Anyway, thanks for reading my diatribe, and if you have insight, thanks in advance for your time.

- Sarah


  • lynn2318
    lynn2318 Member Posts: 41
    "You got the good kind"
    I hate that statement too. Sure thyroid cancer is very treatable but it is still cancer. I also had papillary thyroid cancer, stage IV. It is classified stage IV due to my age, type, and it was in my lymph nodes. I had 2 RAI treatments but my thyroglobulin is still measurable which means I could still have cancer cells somewhere. I think people just don't know what it is like to be told you have cancer. Any cancer is bad. They are abnormal cells in your body that can make you very sick. It is very frustrating for anyone to minimize your cancer. I am glad you are getting another opinion about further treatment. Are they sending you to a endocrinologist? Please keep us posted and hang in there. You will feel yourself soon but be sure to tell your doctors all your feelings and symptoms. Another good web site is Very informative.
  • sunnyaz
    sunnyaz Member Posts: 582
    Papillary Cancer
    Hi Sarah,
    Oh my, I just don't know where to start. I was diagnosed with Papillary Thyroid cancer and had my Thyroidectomy in November of last year. Then, in June of this year I had a Lymphectomy because my cancer had spread. My Endo did NOT opt for me to have the Radioactive Iodine treatment after my Total Thyroidectomy and I should have pushed for it. Can't say for sure, but I may not have the issues I have now if I had the RAI after the first surgery. I did have RAI in September of this year (after my 2nd surgery) but due to the fact that my ENT surgeon missed the main node he was going in to remove I am getting ready to go back into surgery on December 17th because it is still there, growing and has spread again now to the left side of my neck. The cancer started on the right side. After my second surgery my Endo did have the piece of mind to test my cells for the B-RAF mutation gene. This is a gene that makes the cancer more aggressive and more difficult to treat. If your cells are still in Pathology, I recommend requesting this test be done. I also recommend that you push for the RAI. It will suck but it could save you from recurrence and future surgeries. The more surgeries you have the harder they become and the risks become greater.

    If they are not planning the RAI for you, it's time to adjust your meds up. If they are doing RAI keep them the same and push for the soonest available appointment and be VERY persistent! I would push your current doctor for the RAI. Don't buy the bull crap about the risks outweighing the benefits. They don't! There are very few risks with RAI and they aren't life threatening.

    There is NO GOOD CANCER! I know plenty of people walking around without a lung, a breast, a kidney etc. and they don't have to take medication for the rest of their life to survive. Don't let anyone tell you that line of CRAP. Thyroid cancer IS serious and it doesn't matter what kind. Defend yourself and arm yourself with the facts. Get an Oncologist if you don't already have one. Endo's and ENT's can't treat your cancer the same as an Oncologist. This is the mistake that was made in my care. I finally have an Endocrinology/Oncology Doctor who is a surgeon. I am lucky to have the University of Arizona Cancer Center available to me.

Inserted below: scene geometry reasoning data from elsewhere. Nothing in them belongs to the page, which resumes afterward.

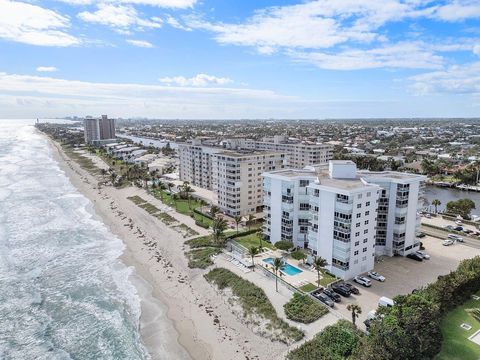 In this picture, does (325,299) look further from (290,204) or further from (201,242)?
(201,242)

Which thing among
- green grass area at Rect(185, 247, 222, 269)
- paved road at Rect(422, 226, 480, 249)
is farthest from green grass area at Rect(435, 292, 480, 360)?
green grass area at Rect(185, 247, 222, 269)

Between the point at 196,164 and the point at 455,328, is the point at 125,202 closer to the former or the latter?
the point at 196,164

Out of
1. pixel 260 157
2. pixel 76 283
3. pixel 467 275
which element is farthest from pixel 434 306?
pixel 260 157

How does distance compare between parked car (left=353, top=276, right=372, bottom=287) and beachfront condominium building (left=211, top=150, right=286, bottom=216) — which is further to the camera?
beachfront condominium building (left=211, top=150, right=286, bottom=216)

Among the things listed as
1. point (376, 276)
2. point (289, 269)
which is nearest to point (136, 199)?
point (289, 269)

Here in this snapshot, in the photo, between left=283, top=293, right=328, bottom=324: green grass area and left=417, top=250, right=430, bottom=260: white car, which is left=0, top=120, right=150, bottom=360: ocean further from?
left=417, top=250, right=430, bottom=260: white car

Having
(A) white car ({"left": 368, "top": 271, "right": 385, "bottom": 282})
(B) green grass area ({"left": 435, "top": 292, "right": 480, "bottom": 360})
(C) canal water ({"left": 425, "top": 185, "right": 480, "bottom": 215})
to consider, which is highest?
(A) white car ({"left": 368, "top": 271, "right": 385, "bottom": 282})
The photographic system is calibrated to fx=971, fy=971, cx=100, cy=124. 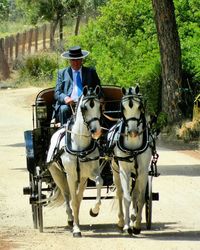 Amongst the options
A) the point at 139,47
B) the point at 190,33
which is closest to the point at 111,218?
the point at 139,47

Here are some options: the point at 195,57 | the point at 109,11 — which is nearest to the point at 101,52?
the point at 109,11

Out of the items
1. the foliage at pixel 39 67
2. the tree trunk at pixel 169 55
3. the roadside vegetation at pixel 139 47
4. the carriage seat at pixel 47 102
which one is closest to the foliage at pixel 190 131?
the tree trunk at pixel 169 55

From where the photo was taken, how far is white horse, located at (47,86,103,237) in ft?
39.4

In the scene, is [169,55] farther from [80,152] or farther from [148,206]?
[80,152]

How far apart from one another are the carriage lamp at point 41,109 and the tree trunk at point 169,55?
12280 millimetres

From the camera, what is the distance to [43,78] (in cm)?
4778

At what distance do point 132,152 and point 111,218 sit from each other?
2.36 m

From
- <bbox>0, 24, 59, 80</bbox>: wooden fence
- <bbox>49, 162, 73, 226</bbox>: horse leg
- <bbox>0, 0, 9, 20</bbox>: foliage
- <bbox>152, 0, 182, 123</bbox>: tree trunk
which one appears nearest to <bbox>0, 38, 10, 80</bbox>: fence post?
<bbox>0, 0, 9, 20</bbox>: foliage

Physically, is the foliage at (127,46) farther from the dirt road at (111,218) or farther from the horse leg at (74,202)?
the horse leg at (74,202)

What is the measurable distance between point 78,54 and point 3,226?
2690mm

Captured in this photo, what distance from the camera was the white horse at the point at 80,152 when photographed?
472 inches

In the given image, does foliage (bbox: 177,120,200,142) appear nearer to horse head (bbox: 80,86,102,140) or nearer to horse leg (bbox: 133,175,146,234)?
horse leg (bbox: 133,175,146,234)

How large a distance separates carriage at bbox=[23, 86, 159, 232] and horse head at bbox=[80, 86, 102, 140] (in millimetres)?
909

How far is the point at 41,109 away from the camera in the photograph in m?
13.5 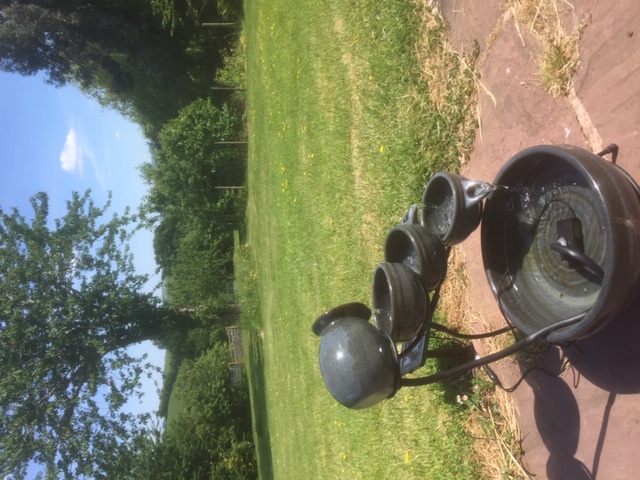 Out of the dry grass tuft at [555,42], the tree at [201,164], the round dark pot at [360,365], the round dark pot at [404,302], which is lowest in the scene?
the round dark pot at [360,365]

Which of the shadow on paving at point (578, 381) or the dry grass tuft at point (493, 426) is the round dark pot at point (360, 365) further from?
the dry grass tuft at point (493, 426)

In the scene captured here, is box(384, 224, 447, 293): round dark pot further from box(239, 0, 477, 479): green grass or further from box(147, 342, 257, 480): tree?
box(147, 342, 257, 480): tree

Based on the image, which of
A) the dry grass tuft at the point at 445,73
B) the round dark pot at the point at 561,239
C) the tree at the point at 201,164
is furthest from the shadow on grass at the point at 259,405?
the round dark pot at the point at 561,239

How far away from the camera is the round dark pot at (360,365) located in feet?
9.41

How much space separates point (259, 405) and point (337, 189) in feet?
23.2

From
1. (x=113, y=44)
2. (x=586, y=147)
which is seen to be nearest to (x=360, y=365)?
(x=586, y=147)

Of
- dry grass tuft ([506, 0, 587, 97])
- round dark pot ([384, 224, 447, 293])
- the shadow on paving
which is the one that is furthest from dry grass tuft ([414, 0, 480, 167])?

    Please don't hesitate to write me a personal email if you have any other questions. I am not a doctor, but I am in the Medical field. I was the one who found my own Cancer. I had to push my PCP to do the biopsy. He didn't think it was anything serious despite all the symptoms. I have said this in other posts, and I will say it again; WE must be our own advocates.

    Best Wishes,
  • nasher
    nasher Member Posts: 505 Member
    i asked the doc if he wanted my thyroid tisue
    when the doc said it was the type of cancer to get.. i literally told her if she wanted a transplant of my thyroid tissue since its the one they want to get.

    she back stepped a bit and then said some more things i cant fully remember.

    the docs are sometimes good at surgery but there tact level just sucks.

    you are not overreacting.

    i am 9 months post surgery and it still sucks

    i am approaching the time i get to talk to endo about my synthroid levels and complain that they are not giving me enough energy.

    I do remember the depression when i was off thyroid meds and even before surgery.